I think one of my algorithms disturb cache space of some variables that are used by multiple cores by loading too much data (only once per thread and not other threads). How can I stop it? From PTX or some compiler option for some kernel parameters?
Even though it has only 256kB L2 cache, some ordering(z?) support should make it good enough but unfortunately some other one-time-used variables are loaded through L1(and L2?) and they are like 800MB or something and probably making caches not very helpful. I know, I need to have a better algorithm but that will take time and I just wonder this L1-L2 bypassing ability.

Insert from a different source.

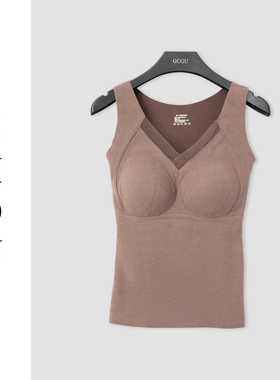 （周哥甄选）咖色背心-16945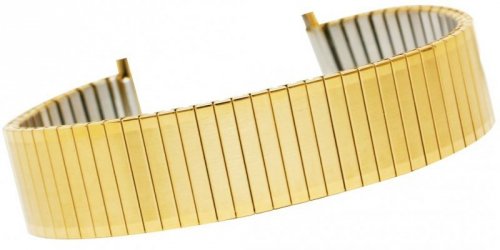 Bransoleta rozciągana Złota HQ 18 do 22 mm 105G-18/22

The L2 activity is unavoidable. All data retrieved from device memory flows through the L2. You cannot bypass it.
L1 should not actually be enabled for global loads on Kepler Quadro K420
The L1 can be bypassed with a non-caching load. There are plenty of descriptions of this available on the web if you care to search for them.
[url]Kepler Tuning Guide :: CUDA Toolkit Documentation
On cc 3.5 and higher devices (your is cc 3.0) the usual advice for read-once data is to load it through the read-only cache. This still impacts L2 however.
As read-only cache, I should use textures and constant memory right? Just putting a const(and restrict) before a parameter didn’t make a difference for my setup.
I’m using Nvrtc and driver API so maybe I can embed some data on directly string of kernels? They come from instruction cache maybe? I mean, replicating something as if compiler is doing it for me, as a an array of operations. For example, having 800MB of streaming through inside kernel, without any parameters.(but I’m staying away for now from this)
Correct, for devices of compute capability less than 3.5, your options for read-only traffic optimization are texture and constant
on devices of cc 3.5 and higher, decorating a global pointer with const restrict should be a strong hint to the compiler to use the “read-only” cache for that load traffic.